Simple way of restarting crashed processes?

Solution 1:

I'd look in to daemontools (http://cr.yp.to/daemontools.html).

Supervise was built for exactly this purpose -- to start processes and watch them, restarting them immediately if they ever terminate.

You could still use monit if you need to do anything more complicated than a simple "is it still running" check, and if the process needs to be restarted, then do that through supervise.

Solution 2:

You could also use /etc/inittab to restart dead processes using the respawn action.

See inittab section on http://aplawrence.com/Unixart/startup.html


Solution 3:

You can use event handler scripts with Nagios if you have that in place to restart services.

If varnish requires root permission to start (init.d scripts usually do) change "/etc/init.d/varnish start" to "sudo /etc/init.d/varnish start". But that probably won't be quite enough since you probably don't want to give whatever user monit runs as total sudo nopasswd privileges to all commands and giving sudo to a shell script would be basically just as bad. So you are going to need to figure out which commands in that init script need sudo, give those commands sudo privileges in the /etc/sudoers file to the monit user, and the finally edit that init script accordingly. Or maybe instead of all this varnish can be run as non-root user?

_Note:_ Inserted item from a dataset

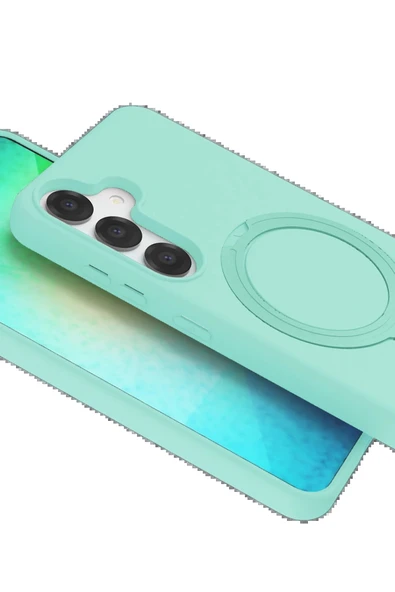 Samsung Galaxy S25 Regal Magsafe Standlı Kapak - Su Yeşili-(5796) - Resim 4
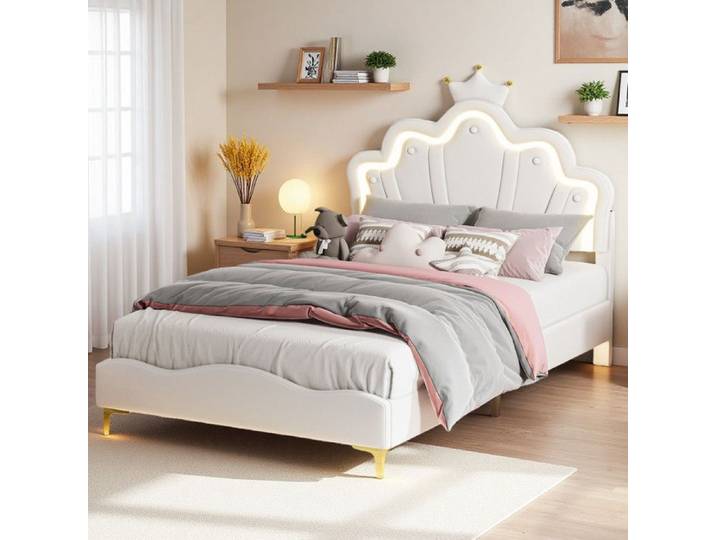 Lit princesse couronne 140 x 190 - Cuir PU imperméable - Blanc - Lit adulte 140 x 190 avec bande lumineuse LED réglable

Finally, I am sure you know this but I am going to say it anyways. You are clearly putting a lot of effort into this, I hope you are putting as much effort into figuring out why varnish is crashing and actually fixing it (or hounding the developers to figure out why) :-)

Update:
This might not be as clean, but an easy way to get this done as root might be to set up a script that checks if the process is okay, and if not starts it. Then just run that script every couple minutes as a cron job.


Solution 4:

Another great method taken from StackOverflow:

until myserver; do
    echo "Server 'myserver' crashed with exit code $?.  Respawning.." >&2
    sleep 1
done

This could be added to the crontab:

crontab -e

Then add a rule to start your monitor script:

@reboot /usr/local/bin/myservermonitor

Or added as a script in /etc/init.d

See the StackOverflow answer for a detailed explanation on why this is a good approach.